• Exercise brief: Please output all of the entries exactly and omit any images they hold.

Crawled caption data
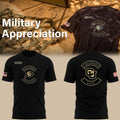 Colorado Buffaloes 2025 Military Appreciation Black T-Shirt Colorado Buffaloes Football Merch - Merchluma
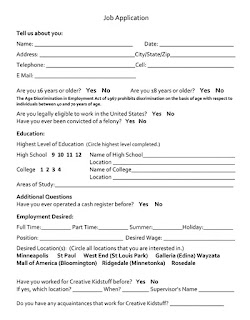 Job Application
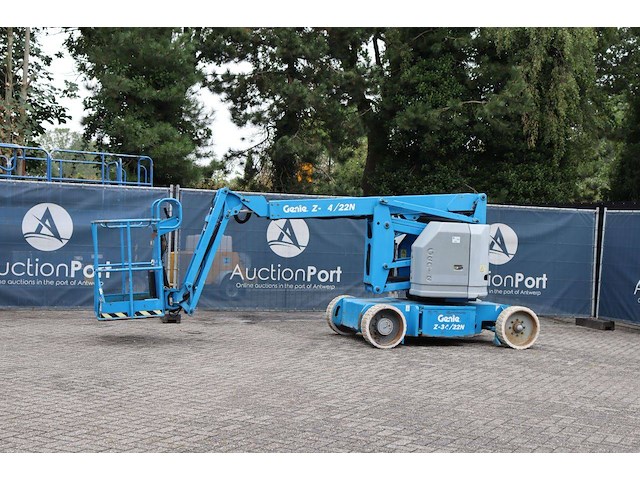 Knikarmhoogwerker genie z-34/22n elektrisch 227kg 12.5m 2008 - afbeelding 1 van  1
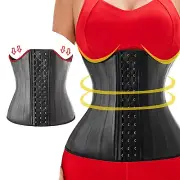 Firm Bodysuit Women Women's Waist Trainer Corset Waist Belt Latex Support Chest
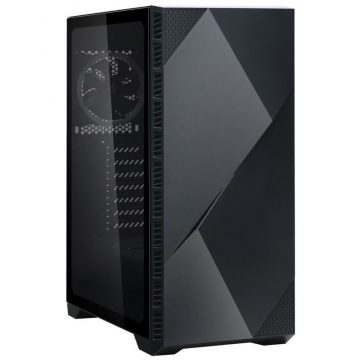   Zalman kabinet Z3 Iceberg crni / Middle tower / ATX / 2x120mm ventilator / kaljeno staklo / crno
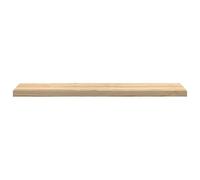 ATOMSTACK MAKER Set di 12 gradini per scale in rovere massiccio non trattato (120 x 25 x 2 cm), per scale interne, davanzali e scaffali, design rustico in legno naturale, venature individuali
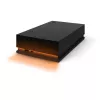 Seagate FireCuda Gaming Hub ārējais cietais disks 8 TB Micro-USB B / USB Type-A / USB Type-C 3.2 Gen 1 (3.1 Gen 1) Melns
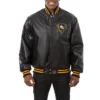 Pittsburgh-Penguins-Genuine-Leather-Varsity-Jacket-Black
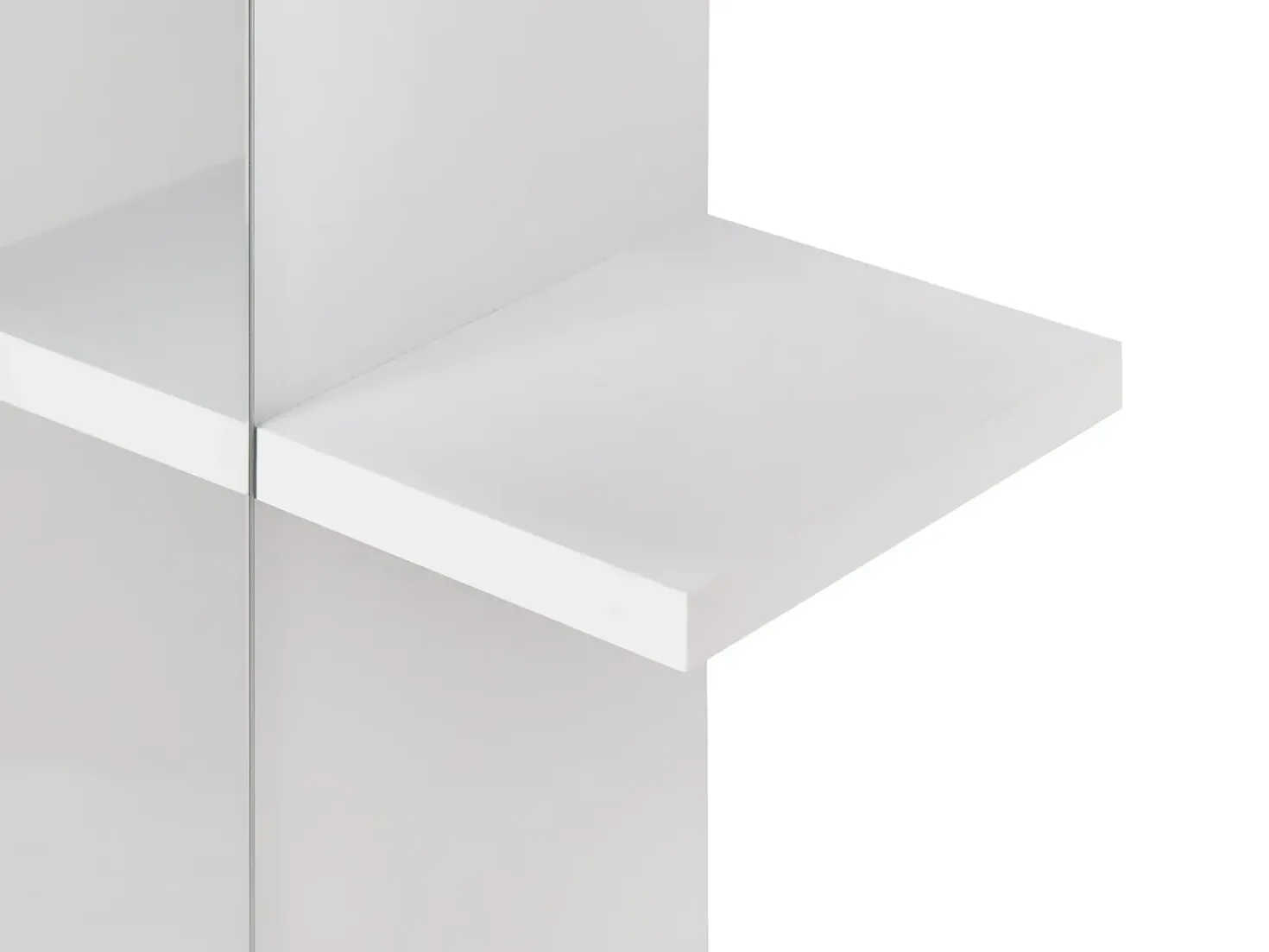 Specchio da parete con ripiano PELOTAS 45 cm 45 cm Bianco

• Task result:
 Colorado Buffaloes 2025 Military Appreciation Black T-Shirt Colorado Buffaloes Football Merch - Merchluma
 Job Application
 Knikarmhoogwerker genie z-34/22n elektrisch 227kg 12.5m 2008 - afbeelding 1 van  1
 Firm Bodysuit Women Women's Waist Trainer Corset Waist Belt Latex Support Chest
   Zalman kabinet Z3 Iceberg crni / Middle tower / ATX / 2x120mm ventilator / kaljeno staklo / crno
 ATOMSTACK MAKER Set di 12 gradini per scale in rovere massiccio non trattato (120 x 25 x 2 cm), per scale interne, davanzali e scaffali, design rustico in legno naturale, venature individuali
 Seagate FireCuda Gaming Hub ārējais cietais disks 8 TB Micro-USB B / USB Type-A / USB Type-C 3.2 Gen 1 (3.1 Gen 1) Melns
 Pittsburgh-Penguins-Genuine-Leather-Varsity-Jacket-Black
 Specchio da parete con ripiano PELOTAS 45 cm 45 cm Bianco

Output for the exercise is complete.